Arnold Schoenberg's music is remembered more for its impact on our cultural history than for the quality of the music itself. This is a great injustice, as Schoenberg was one of our greatest composers.
Schoenberg started composing from the time he was a young boy, although he received no formal training until he was a teenager. He studied with Alexander Zemlinsky--a fine composer whose music is currently being re-discovered--and soaked up the heady atmosphere of fin-de-siecle Vienna. Schoenberg was twenty-five when he composed his first masterpiece, Verklaerte Nacht, a lush and passionate tone-poem for string sextet. Schoenberg's music from this early period was bathed in the extremely rich, sometimes even over-ripe harmonies that evolved from the innovative style of Richard Wagner's operas.
Other significant works from this period include the orchestral tone-poem Pelleas und Melisande (1903), the String Quartet No. 1 (1905), the Chamber Symphony No. 1 (1906) and Gurrelieder (1900-11). Gurrelieder was the culmination of Schoenberg's post-Wagnerian style--a massive, highly dramatic and brilliantly colorful work written for vocal soloists, chorus and an orchestra so huge that the composer had to have special music paper printed to be able to notate the entire ensemble on the page.
By the time Gurrelieder was premiered (to great success) in 1913, Schoenberg was exploring a new musical language. This journey began back in 1908, with his String Quartet No. 2. The first two movements of this Quartet were written in a complex tonal style not too far removed from his previous work. But with the third and fourth movements Schoenberg left the world of tonality entirely.
Schoenberg's leap into the world of atonality has often been interpreted as a violent break with tradition. However, by the end of the Romantic period, tonality--the central organizing principal of Western music--had already started to dissolve. There are many instances in Schoenberg's early work (including the first two movements of the Second Quartet) where the aurally-grounding sense of tonality is temporarily abandoned. Certainly he had taken a bold, even revolutionary step. And yet, even in his most "radical" works, Schoenberg carried on the many aspects of the musical traditions he had inherited from Brahms, Wagner and Mahler.
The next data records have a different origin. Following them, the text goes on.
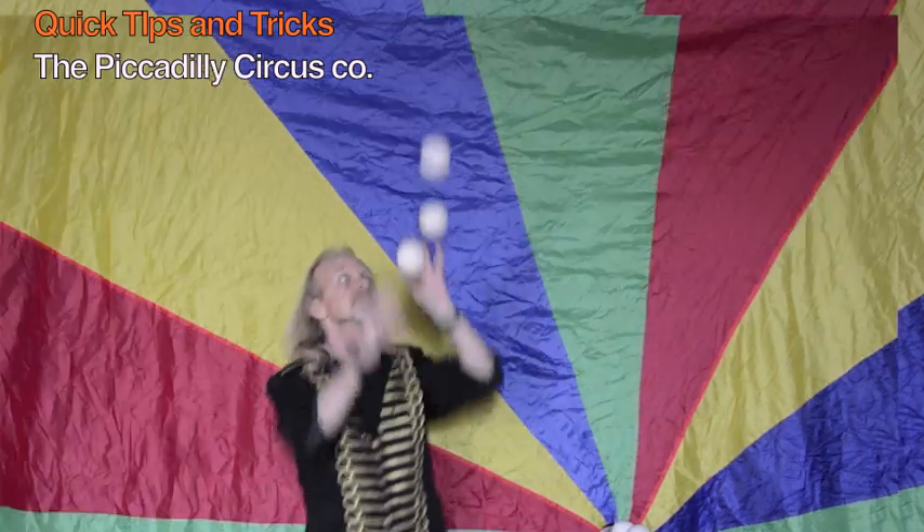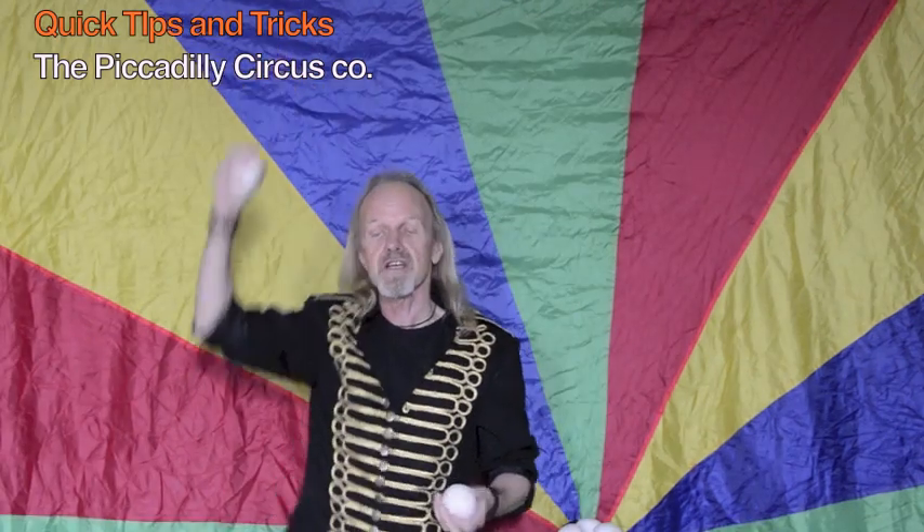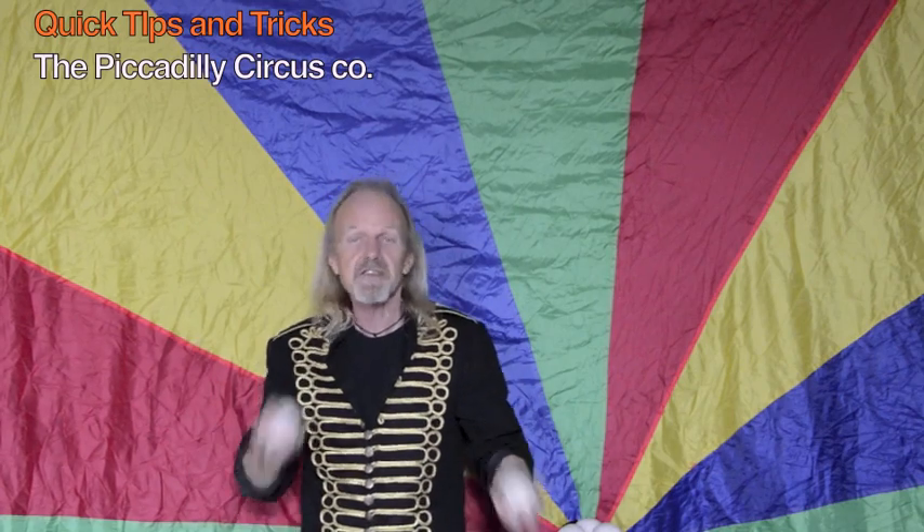What you do is grab downwards on the two balls at the bottom, so you leave the one that's highest in the air, and you feed that then — usually with your preferred hand — into your cascade pattern.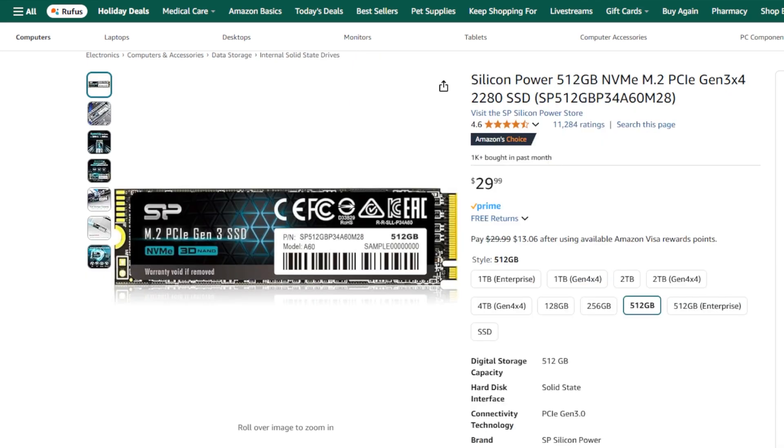For storage, we have selected the Silicon Power 512GB NVMe SSD. This is a newer NVMe SSD which will give you fast boot times and application loading. It's a good balance of speed and capacity for office tasks. You can always add more storage as needed, or utilize external hard drives as well.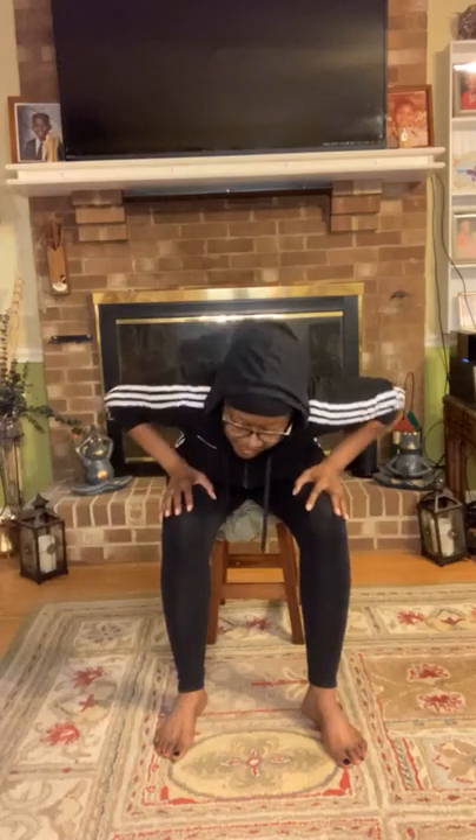Place those hands once again on those knees. We're gonna forward fold — head forward, heart forward — and then round the back, hollowing out the belly. Good, two more times and then we're wrapping it up.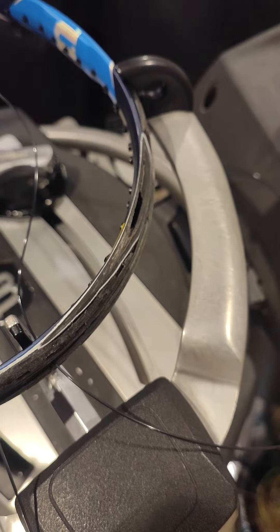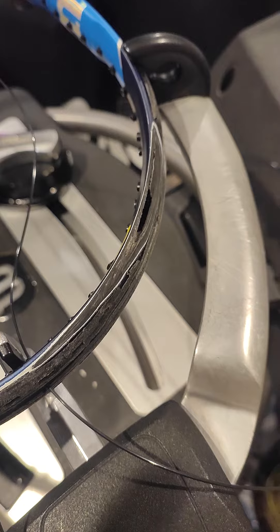If you have a hole in your racket, buy a new racket. Do yourself a favor because all you're doing is putting yourself at risk for tennis elbow. It's effectively broken.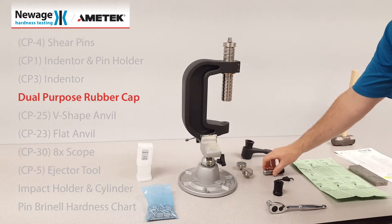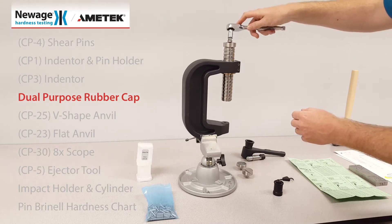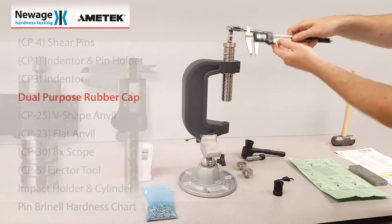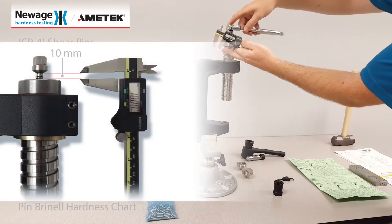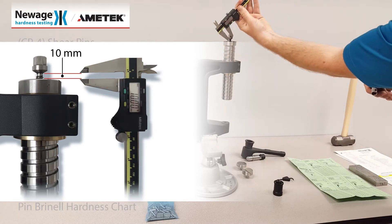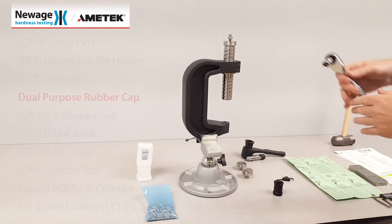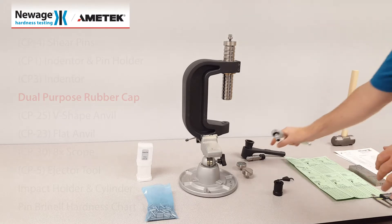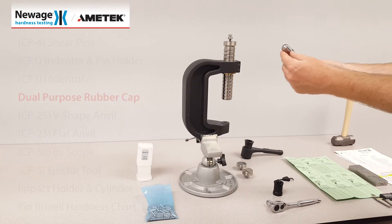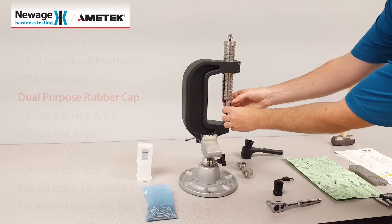Before you perform the test, back off the drive screw approximately one centimeter. This prevents damage to the tester clamp. Insert the indenter holder, indenter, and shear pin assembly into the larger screw.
In those last movements of the Second Quartet, Schoenberg took the unusual step of adding a soprano to the string ensemble. He chose two poems by Stefan George (the first beginning, appropriately, "I breathe the air of another planet"), and built the musical structure around the texts. Tonality had always been a crucial aspect of musical organization; now Schoenberg needed to find alternative methods. Using a text or a story provided a structural framework, but finding a way to structure abstract music posed a significant challenge.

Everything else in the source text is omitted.